Freedom of speech not freedom to insult: Nzimande
Freedom of speech is not the same as freedom to insult, SACP general secretary Blade Nzimande has said.
"There is a big difference between freedom of speech and freedom to insult," he told a National Union of Mineworkers' congress in Ekurhuleni, in reference to a painting depicting President Jacob Zuma with his genitals exposed.
"It is not you who are insulting us who must tell us how we must feel, but it is us who know how we feel. We have been insulted, our dignity has been assaulted and violated, and we have been made to feel naked," Nzimande said.
The portrait indicated that some South Africans had not accepted the building of a socially cohesive, non-racial country.
"We must... make it absolutely clear that the body of the president is not for sale."
Nzimande called for a boycott of City Press newspaper, which published the picture on its website.
"We must from now onwards not buy this newspaper... until it withdraws this portrait from its pages and website and issues an apology to the nation."
Calling the portrait "deeply offensive", Nzimande said it was one of the most serious violations of the black body in recent times.
It was part of a tradition of racist thinking in South Africa.
"This portrait is the same as what was done to Sarah Baartman," he said, referring to the Khoisan woman who was displayed as a freak in 19th Century Europe.

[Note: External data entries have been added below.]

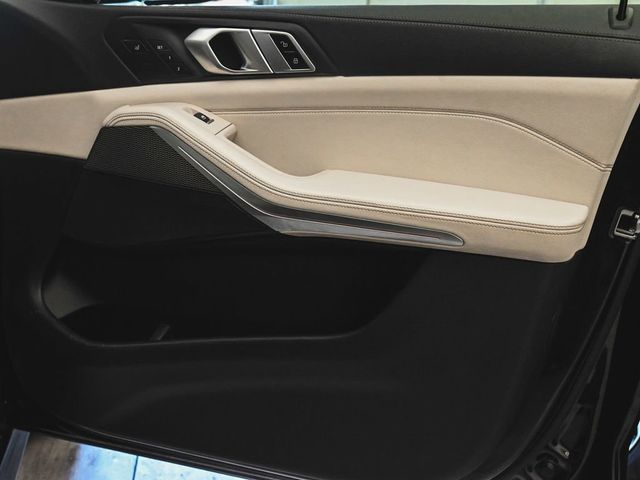 2022 BMW X5 xDrive45e - 22989906 - 9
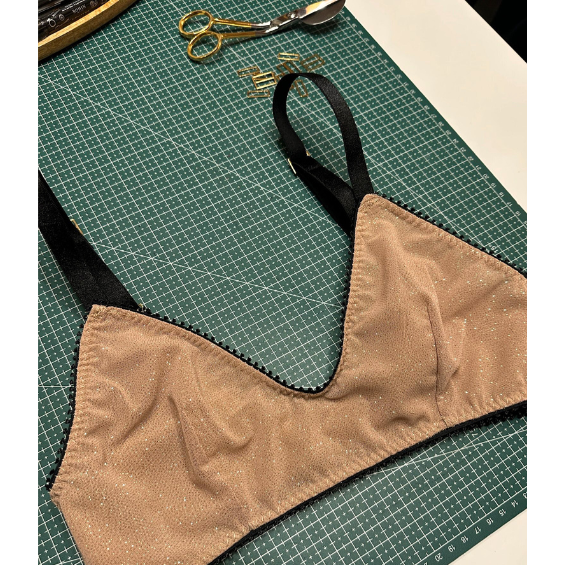 Je couds ma brassière - JEUDI 29 JANVIER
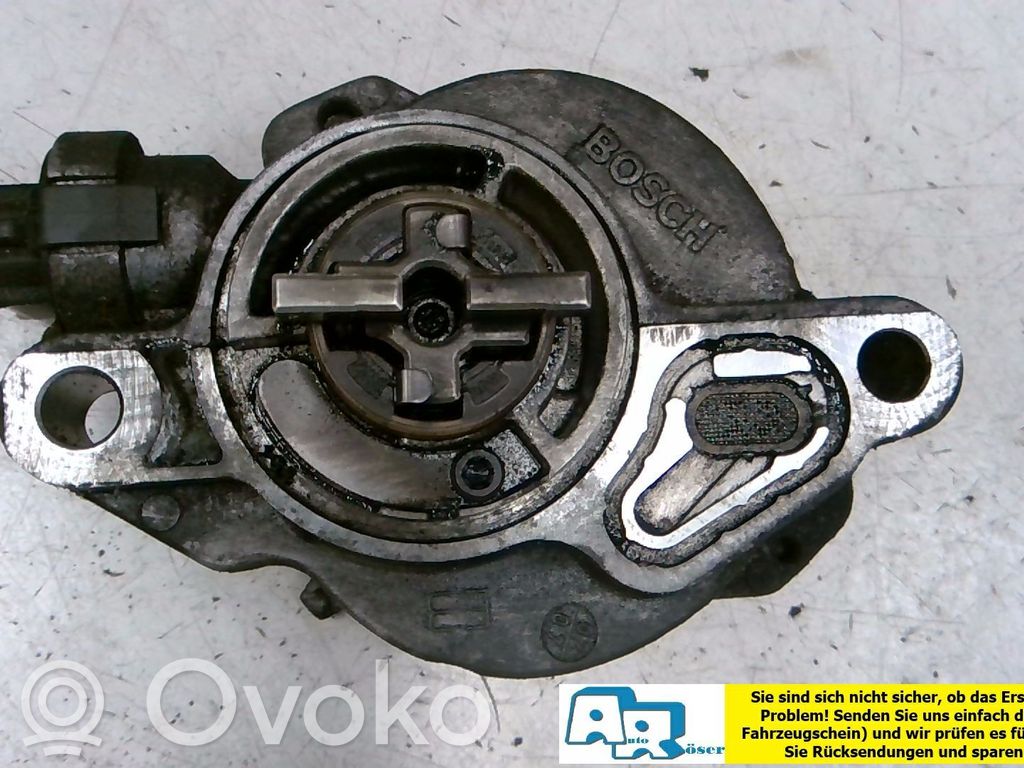 Ford Focus Pompe à vide 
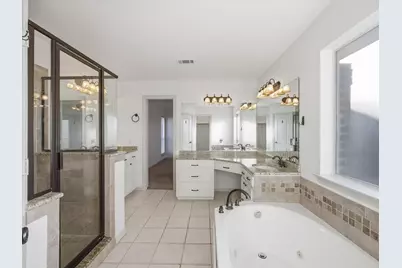 808 Shady Glen Court, Fort Worth, TX 76120 - Photo 22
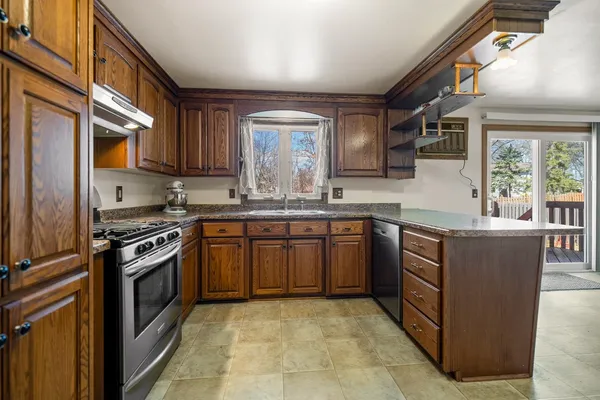 $299,900 | 2070 West Point Terrace, Green Bay, WI 54304
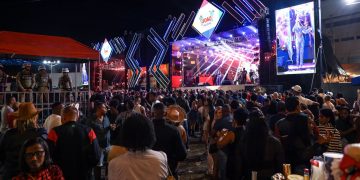 Candeias: Forró, Sertanejo e Pagode marcam o segundo dia do Arraiá do Aconchego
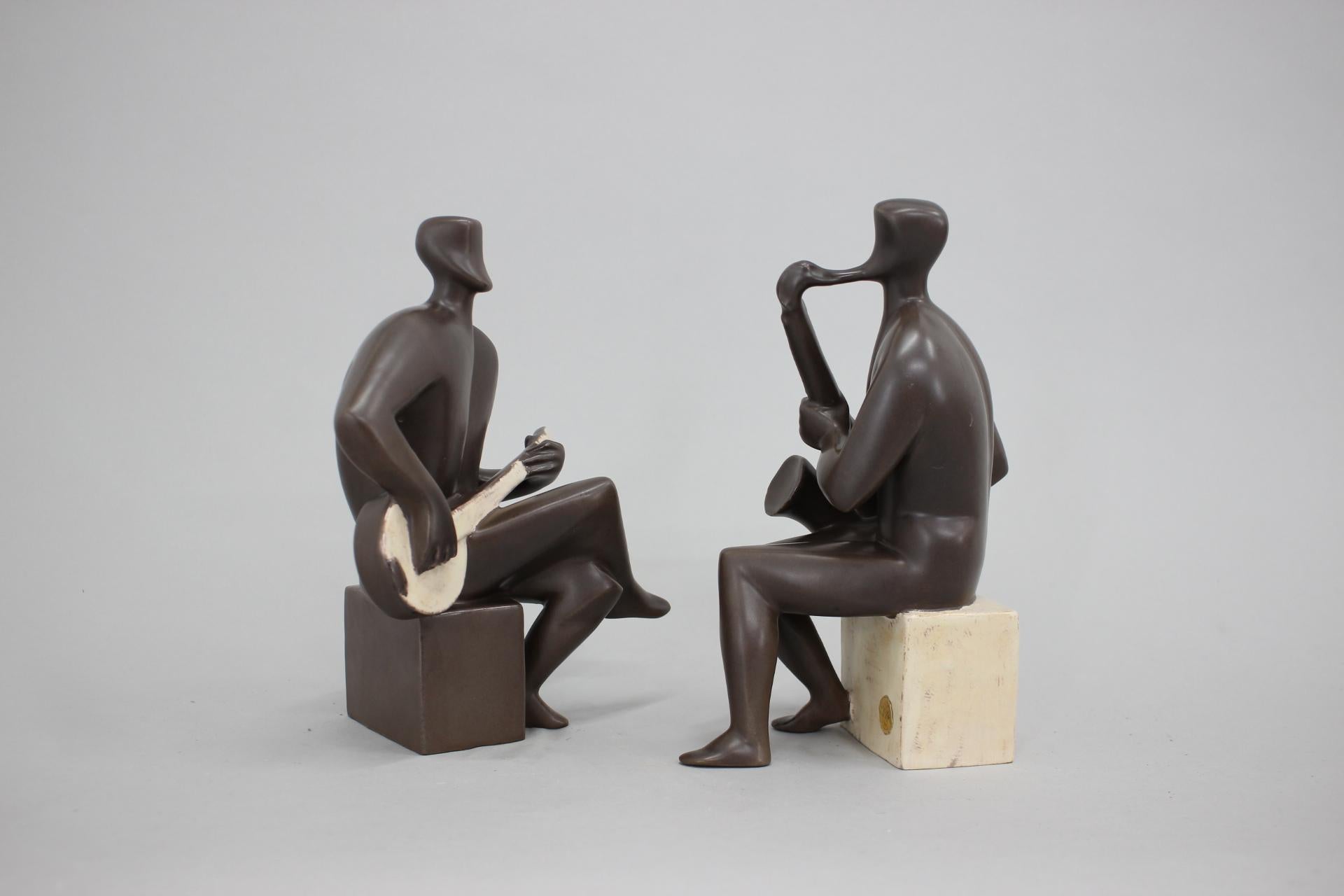 Mid-Century Modern 1970s Pair of Ceramic Figurines of Musicians, Czechoslovakia For Sale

Nzimande also spoke out against corruption and self-enrichment in the revolutionary movement, calling it the "new tendency".
This trend was found not only in the ANC, but across all revolutionary organisations, including trade unions.
"It is wrong to think that the only place where leaders can be corrupted or co-opted is in the ANC or government," he said.
Leadership positions were used to access either union funds and business, or to enter into business generally.
Employers even paid individuals within the NUM to turn it into a "sweetheart" union, he said.
"Those who seek to buy members in our organisations, will tomorrow also sell our organisations and ultimately our country to the highest imperialist bidder."
Global capitalism was facing one of its most severe crises since the 1929 depression, he said.
It had no strategy to resolve its own crises, but punished workers and the middle class with austerity measures, and cut back social services.
This crisis was reinforcing socio-economic challenges in South Africa, including poverty, inequality and structural unemployment.
However, important policy breakthroughs had been made since the ANC's Polokwane conference.
These included the development of an overarching industrial policy, a more active role for the state in economic development and a commitment to a more radical redistribution of land.
The SACP supported moves for the creation of a state-owned mining company and a proposed mining rents regime, which would include a windfall tax.
It was also in favour of companies winning major infrastructure projects not using labour brokers, but training their workers.
Health and education were also prioritised.
The SACP was calling for the increased socialisation of the finance sector. Workers should have an effective say over the investments of their pension and provident funds.
The public works department and municipalities should have the capacity to construct social infrastructure, limiting tenders, he said.